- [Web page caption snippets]

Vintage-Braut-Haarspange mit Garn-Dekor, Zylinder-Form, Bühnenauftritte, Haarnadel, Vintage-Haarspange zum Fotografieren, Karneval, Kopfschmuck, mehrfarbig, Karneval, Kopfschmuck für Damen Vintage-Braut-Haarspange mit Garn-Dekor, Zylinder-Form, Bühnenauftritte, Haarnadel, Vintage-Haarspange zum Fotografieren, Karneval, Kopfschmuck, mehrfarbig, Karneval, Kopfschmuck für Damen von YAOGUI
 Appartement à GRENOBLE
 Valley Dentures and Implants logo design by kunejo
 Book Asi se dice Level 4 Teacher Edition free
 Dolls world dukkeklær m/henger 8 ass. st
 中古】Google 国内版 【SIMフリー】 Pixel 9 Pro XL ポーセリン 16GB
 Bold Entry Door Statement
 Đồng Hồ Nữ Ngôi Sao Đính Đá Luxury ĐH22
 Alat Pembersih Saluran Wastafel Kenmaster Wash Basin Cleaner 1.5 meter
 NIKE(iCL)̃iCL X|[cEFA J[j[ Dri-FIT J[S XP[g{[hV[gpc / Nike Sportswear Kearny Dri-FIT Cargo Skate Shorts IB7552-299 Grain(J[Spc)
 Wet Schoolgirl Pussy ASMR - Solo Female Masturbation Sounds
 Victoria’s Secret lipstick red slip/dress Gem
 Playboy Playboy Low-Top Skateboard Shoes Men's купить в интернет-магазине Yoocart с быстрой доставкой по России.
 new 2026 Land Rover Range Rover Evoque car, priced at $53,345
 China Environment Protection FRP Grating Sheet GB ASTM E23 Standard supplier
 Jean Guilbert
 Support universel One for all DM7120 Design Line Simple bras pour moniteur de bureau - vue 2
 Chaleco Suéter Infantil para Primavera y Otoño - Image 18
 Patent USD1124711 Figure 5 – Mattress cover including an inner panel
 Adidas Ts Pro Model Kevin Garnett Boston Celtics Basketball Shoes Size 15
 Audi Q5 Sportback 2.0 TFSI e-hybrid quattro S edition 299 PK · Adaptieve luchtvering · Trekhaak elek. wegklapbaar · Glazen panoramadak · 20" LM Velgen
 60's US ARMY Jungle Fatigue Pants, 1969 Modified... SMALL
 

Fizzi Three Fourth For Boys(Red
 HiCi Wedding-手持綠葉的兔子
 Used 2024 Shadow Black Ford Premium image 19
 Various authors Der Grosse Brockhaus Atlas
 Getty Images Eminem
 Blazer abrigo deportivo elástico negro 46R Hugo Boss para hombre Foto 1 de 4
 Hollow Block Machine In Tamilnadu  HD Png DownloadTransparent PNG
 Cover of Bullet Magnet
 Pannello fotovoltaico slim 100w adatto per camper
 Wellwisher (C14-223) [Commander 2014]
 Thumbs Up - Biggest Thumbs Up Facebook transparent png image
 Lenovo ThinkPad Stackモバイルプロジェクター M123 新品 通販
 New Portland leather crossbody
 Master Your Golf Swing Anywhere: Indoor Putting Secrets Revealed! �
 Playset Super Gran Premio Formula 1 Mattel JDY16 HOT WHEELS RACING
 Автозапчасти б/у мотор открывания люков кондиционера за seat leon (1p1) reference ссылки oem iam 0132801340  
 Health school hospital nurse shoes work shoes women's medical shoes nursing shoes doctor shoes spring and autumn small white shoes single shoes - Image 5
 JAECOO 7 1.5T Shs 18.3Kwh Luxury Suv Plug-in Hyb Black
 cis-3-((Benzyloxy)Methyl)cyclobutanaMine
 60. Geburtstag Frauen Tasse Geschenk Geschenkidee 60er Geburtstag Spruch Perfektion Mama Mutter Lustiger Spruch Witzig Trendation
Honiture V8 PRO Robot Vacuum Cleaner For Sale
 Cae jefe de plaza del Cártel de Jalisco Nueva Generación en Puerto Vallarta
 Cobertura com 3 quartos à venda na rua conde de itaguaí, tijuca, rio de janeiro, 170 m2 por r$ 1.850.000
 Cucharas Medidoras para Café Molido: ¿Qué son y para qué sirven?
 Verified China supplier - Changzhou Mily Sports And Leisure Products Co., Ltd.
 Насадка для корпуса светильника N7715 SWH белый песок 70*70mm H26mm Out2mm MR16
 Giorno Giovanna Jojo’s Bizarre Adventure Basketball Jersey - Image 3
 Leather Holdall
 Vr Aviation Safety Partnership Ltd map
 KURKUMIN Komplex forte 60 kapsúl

- [What you will do] Copy each line of the records that has "China" in it.

- [Result]
 China Environment Protection FRP Grating Sheet GB ASTM E23 Standard supplier
 Verified China supplier - Changzhou Mily Sports And Leisure Products Co., Ltd.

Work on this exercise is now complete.